Abstract
Aim: To compare symptoms, peak heart rate (HR) and nadir arterial oxygen saturation (SpO2) during a 6-minute walk test (6MWT) in people following lobectomy for non-small cell lung cancer (NSCLC) with those elicited during a maximal symptom-limited cardiopulmonary exercise test (CPET).
Methods: People 6 to 10 weeks following lobectomy for primary NSCLC completed two 6MWTs (data were taken from the best) and one symptom-limited ramp CPET, over two days. Peak HR, nadir SpO2 and symptoms of dyspnoea (BORGd) and leg fatigue (BORGf) at the end of the tests were compared.
Results: Data were available on 19 participants (13 females, age 68±9yr [mean±SD]; BMI 26±6kg·m-2). Peak rate of oxygen uptake [VO2peak] was 15±3ml·kg-1·min-1 (64±15%predicted) and 6-minute walk distance [6MWD] was 501±72m [82±10%predicted]). Three participants reached a VO2peak >80%predicted during the CPET, whereas 10 participants had a 6MWD >80%predicted. Peak HR and symptoms were higher during the CPET than the 6MWT (HR 127±18 vs 118±15bpm; BORGd 7±3 vs 3±2; BORGf 7±3 vs 2±2, respectively; p < 0.04 for all). The peak HR elicited during the 6MWT was equivalent to 93±12% of that elicited during the CPET. Nadir SpO2 was lower during the 6MWT (93±3% vs 95±3%; p = 0.01). VO2peak and 6MWD were moderately correlated (r = 0.6; p = 0.007).

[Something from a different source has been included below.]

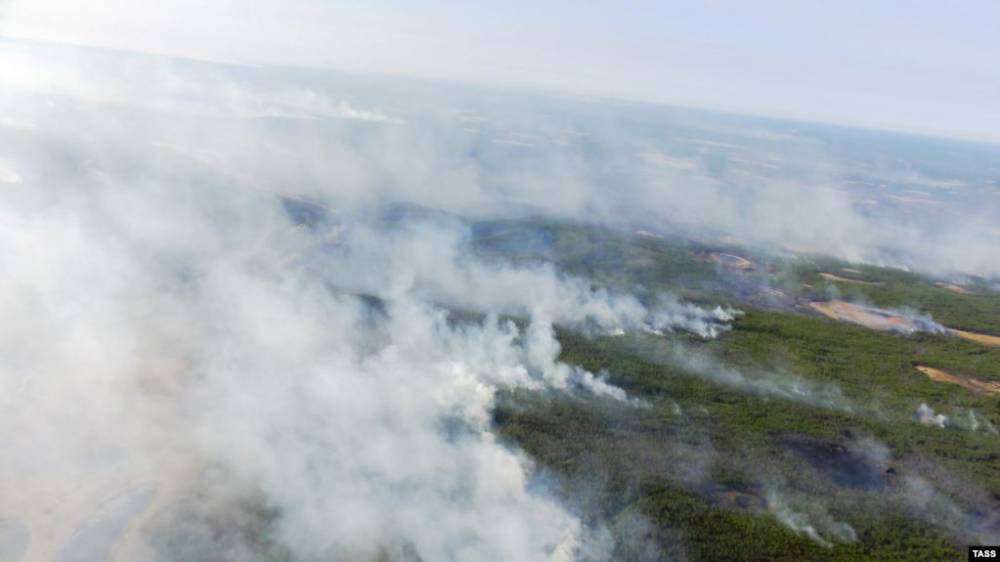 Красноярск заволокло дымом от пожаров, в Иркутской области режим ЧС из-за массового огня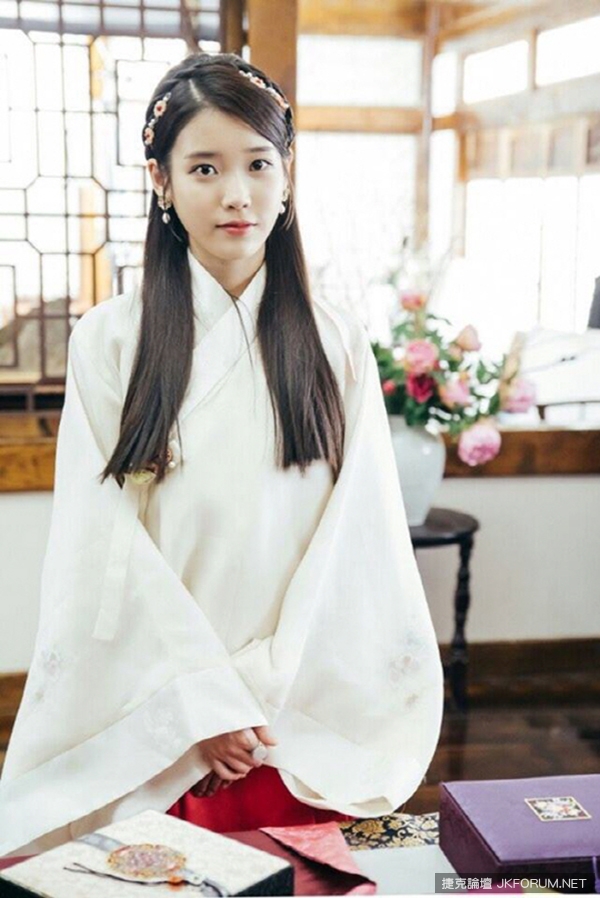 你怎麼選？性感的小野馬？還是清純惹人疼的國民妹妹？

Conclusions: Although eliciting a lower SpO2, the 6MWT elicited less symptoms and a submaximal HR in people following lobectomy for NSCLC compared with the CPET. Studies investigating ventilatory and metabolic responses during the 6MWT are needed. More detailed analysis is required to determine responsiveness as well as usefulness of the 6MWT in this population.